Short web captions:
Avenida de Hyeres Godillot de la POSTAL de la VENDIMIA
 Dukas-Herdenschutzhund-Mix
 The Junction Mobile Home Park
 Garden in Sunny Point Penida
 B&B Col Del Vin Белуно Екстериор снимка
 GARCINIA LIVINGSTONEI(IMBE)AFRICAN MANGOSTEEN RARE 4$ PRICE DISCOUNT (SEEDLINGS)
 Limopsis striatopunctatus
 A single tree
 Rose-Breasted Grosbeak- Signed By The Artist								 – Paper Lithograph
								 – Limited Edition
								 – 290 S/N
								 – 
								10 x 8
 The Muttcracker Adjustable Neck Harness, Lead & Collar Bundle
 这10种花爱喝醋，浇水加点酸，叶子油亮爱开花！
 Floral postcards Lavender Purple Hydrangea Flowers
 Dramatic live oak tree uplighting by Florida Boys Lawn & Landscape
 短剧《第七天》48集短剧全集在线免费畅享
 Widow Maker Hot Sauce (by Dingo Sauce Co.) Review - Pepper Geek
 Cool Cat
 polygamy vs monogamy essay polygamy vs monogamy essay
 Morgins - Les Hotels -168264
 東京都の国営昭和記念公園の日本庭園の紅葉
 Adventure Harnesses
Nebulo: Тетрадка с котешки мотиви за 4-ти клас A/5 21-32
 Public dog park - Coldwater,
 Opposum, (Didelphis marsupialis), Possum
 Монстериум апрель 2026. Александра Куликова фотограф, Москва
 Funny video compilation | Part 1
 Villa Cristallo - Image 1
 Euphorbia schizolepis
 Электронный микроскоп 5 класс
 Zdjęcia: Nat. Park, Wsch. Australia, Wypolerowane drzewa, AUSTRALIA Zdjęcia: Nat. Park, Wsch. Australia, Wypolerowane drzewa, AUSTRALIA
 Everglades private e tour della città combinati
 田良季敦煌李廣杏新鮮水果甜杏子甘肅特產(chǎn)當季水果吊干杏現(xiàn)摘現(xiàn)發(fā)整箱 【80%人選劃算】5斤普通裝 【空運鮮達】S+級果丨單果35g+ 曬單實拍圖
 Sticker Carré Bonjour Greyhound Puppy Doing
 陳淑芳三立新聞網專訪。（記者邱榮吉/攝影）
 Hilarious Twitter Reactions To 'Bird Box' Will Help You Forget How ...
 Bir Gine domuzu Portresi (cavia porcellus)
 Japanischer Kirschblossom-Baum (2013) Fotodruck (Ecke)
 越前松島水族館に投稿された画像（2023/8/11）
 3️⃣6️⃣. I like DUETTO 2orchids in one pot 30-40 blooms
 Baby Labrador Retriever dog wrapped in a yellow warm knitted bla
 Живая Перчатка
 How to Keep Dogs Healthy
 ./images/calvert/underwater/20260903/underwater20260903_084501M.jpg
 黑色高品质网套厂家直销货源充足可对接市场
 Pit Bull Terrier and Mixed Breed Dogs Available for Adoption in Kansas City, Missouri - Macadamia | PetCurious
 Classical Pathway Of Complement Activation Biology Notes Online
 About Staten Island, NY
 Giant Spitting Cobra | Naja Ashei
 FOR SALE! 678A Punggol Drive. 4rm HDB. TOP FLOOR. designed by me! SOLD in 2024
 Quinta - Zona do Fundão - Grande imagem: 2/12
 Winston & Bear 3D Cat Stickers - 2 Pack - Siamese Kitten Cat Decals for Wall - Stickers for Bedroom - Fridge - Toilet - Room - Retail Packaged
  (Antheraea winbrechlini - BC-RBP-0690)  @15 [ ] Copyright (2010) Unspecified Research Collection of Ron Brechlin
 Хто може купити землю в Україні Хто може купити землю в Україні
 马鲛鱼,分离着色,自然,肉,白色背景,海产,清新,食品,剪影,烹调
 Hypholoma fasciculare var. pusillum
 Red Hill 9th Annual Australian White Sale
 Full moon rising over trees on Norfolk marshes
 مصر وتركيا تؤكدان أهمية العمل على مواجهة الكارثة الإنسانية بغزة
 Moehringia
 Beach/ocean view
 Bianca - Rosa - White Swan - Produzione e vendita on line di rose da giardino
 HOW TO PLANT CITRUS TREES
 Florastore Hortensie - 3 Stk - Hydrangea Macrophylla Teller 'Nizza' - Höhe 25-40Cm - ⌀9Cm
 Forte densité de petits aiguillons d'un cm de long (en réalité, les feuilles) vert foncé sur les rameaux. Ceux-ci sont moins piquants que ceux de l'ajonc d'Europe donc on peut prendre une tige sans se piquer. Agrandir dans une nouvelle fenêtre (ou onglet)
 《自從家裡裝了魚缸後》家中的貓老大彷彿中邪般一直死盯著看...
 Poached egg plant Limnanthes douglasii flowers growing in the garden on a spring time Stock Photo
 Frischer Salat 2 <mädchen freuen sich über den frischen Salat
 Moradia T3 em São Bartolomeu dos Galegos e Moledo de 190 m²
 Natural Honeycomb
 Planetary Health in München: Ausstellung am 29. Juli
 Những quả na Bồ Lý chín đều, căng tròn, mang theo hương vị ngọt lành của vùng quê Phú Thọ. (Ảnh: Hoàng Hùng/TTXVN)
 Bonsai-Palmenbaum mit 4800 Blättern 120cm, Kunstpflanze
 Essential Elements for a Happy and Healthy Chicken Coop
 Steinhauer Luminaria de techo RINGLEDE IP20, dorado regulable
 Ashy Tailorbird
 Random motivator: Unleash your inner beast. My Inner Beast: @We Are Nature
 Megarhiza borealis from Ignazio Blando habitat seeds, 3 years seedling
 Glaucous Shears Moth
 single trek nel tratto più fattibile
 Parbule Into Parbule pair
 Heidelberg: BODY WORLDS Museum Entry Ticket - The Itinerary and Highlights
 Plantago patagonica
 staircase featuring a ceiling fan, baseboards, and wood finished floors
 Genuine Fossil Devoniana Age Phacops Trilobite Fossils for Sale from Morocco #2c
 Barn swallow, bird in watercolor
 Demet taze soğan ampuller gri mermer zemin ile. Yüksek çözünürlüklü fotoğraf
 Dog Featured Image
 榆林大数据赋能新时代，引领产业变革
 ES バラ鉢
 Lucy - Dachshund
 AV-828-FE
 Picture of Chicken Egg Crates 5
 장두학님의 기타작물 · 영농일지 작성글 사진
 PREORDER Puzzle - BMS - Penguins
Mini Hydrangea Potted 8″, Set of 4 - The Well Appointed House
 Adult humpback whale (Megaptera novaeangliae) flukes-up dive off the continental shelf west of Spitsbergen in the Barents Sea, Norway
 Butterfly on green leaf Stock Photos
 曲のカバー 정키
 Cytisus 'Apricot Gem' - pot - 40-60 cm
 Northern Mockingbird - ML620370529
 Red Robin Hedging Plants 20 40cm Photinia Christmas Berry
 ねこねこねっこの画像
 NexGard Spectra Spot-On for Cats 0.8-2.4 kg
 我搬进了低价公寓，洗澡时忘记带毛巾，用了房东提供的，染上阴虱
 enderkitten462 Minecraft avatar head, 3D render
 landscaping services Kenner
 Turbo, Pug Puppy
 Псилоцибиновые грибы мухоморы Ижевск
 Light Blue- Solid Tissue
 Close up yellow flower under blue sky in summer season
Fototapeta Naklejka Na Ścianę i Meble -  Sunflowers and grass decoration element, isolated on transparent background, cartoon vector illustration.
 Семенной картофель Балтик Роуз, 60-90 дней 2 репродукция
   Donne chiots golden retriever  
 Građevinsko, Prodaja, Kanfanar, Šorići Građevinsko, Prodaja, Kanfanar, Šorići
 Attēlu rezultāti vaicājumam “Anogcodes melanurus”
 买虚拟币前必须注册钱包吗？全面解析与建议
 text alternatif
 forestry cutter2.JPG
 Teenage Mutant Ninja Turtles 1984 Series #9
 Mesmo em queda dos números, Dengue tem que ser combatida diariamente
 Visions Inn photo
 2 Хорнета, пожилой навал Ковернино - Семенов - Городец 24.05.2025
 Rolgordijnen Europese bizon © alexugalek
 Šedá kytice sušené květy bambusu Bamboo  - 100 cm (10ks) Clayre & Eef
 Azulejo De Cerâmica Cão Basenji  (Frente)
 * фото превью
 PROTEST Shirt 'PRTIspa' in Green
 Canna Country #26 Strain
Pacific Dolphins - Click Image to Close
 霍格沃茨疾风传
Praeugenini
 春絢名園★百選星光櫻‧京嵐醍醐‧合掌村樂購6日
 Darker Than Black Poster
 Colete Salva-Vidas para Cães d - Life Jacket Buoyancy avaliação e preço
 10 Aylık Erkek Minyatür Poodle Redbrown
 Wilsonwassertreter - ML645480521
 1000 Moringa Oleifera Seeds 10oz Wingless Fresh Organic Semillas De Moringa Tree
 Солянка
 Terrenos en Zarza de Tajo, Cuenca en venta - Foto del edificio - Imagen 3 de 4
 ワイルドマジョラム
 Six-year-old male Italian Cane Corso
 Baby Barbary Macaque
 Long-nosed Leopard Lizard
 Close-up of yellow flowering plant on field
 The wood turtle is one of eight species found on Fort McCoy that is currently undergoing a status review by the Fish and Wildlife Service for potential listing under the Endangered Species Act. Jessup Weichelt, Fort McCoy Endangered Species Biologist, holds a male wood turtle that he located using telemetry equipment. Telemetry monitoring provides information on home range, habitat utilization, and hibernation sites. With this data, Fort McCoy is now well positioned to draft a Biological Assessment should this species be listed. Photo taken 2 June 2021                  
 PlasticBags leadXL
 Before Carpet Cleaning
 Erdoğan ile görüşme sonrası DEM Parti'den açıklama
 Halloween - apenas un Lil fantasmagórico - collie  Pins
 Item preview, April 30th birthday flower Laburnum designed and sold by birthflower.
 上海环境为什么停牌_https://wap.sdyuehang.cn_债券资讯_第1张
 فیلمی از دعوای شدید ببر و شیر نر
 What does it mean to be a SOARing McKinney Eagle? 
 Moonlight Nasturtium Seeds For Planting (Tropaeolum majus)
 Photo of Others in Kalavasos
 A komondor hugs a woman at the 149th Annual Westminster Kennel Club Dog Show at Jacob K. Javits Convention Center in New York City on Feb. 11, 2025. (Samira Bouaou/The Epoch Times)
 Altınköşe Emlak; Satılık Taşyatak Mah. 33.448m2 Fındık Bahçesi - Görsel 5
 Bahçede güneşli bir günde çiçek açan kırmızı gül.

Prompt: Each line of the entries where the string "from" occurs should be shown.

Solved exercise:
 Megarhiza borealis from Ignazio Blando habitat seeds, 3 years seedling
 Genuine Fossil Devoniana Age Phacops Trilobite Fossils for Sale from Morocco #2c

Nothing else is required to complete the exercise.